╭─ Information provided
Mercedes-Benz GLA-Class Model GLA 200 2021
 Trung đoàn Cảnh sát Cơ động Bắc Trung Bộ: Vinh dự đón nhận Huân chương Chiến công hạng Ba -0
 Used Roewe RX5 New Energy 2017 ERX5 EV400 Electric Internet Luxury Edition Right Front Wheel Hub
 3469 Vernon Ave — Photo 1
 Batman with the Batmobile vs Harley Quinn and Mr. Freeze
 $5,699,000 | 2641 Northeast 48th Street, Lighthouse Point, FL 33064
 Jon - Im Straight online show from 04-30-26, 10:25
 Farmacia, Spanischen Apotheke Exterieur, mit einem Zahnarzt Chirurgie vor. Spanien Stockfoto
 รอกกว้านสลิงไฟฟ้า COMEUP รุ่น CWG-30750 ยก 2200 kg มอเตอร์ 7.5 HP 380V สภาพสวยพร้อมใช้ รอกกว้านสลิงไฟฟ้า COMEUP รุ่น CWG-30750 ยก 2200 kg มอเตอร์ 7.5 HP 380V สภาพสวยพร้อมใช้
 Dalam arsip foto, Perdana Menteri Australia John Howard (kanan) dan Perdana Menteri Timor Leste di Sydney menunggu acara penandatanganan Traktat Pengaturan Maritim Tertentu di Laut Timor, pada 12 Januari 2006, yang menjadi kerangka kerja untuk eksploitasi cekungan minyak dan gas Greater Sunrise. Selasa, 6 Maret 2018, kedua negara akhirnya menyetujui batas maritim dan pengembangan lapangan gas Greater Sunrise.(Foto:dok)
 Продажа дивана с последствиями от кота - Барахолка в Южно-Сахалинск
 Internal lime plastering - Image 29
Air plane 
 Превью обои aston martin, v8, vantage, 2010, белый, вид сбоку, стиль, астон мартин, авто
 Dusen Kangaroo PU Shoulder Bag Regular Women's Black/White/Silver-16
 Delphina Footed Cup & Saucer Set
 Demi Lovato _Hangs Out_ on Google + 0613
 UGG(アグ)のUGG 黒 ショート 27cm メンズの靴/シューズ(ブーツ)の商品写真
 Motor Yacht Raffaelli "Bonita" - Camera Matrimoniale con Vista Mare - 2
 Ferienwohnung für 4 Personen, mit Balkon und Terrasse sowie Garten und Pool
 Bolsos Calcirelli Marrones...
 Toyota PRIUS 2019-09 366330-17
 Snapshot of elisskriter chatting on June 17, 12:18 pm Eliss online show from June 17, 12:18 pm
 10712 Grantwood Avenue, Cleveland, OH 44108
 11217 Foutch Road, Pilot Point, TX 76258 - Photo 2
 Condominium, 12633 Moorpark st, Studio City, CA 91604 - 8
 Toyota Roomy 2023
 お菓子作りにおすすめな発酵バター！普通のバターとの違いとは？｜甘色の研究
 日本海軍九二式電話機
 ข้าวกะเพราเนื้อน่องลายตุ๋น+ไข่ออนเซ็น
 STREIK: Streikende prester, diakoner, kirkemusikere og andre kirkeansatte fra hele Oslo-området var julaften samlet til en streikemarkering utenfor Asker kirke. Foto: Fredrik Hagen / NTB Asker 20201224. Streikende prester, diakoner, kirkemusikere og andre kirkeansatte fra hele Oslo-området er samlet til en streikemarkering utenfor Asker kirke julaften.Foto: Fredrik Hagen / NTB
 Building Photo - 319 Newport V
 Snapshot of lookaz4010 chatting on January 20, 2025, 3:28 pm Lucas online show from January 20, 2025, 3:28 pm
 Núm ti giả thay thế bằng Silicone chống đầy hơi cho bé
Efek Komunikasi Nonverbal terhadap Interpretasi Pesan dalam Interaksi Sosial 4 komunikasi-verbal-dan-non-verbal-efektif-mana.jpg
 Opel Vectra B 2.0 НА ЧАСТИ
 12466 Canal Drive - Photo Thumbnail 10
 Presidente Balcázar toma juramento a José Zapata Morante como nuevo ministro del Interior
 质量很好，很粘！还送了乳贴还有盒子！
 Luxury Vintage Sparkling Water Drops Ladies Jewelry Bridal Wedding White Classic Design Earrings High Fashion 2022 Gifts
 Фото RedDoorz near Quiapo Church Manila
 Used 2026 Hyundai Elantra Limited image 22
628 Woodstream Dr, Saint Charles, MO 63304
╰─
Up to and including the line with "Batman with the", write out the records above exactly, starting from their first line.

- _Finished task_:
Mercedes-Benz GLA-Class Model GLA 200 2021
 Trung đoàn Cảnh sát Cơ động Bắc Trung Bộ: Vinh dự đón nhận Huân chương Chiến công hạng Ba -0
 Used Roewe RX5 New Energy 2017 ERX5 EV400 Electric Internet Luxury Edition Right Front Wheel Hub
 3469 Vernon Ave — Photo 1
 Batman with the Batmobile vs Harley Quinn and Mr. Freeze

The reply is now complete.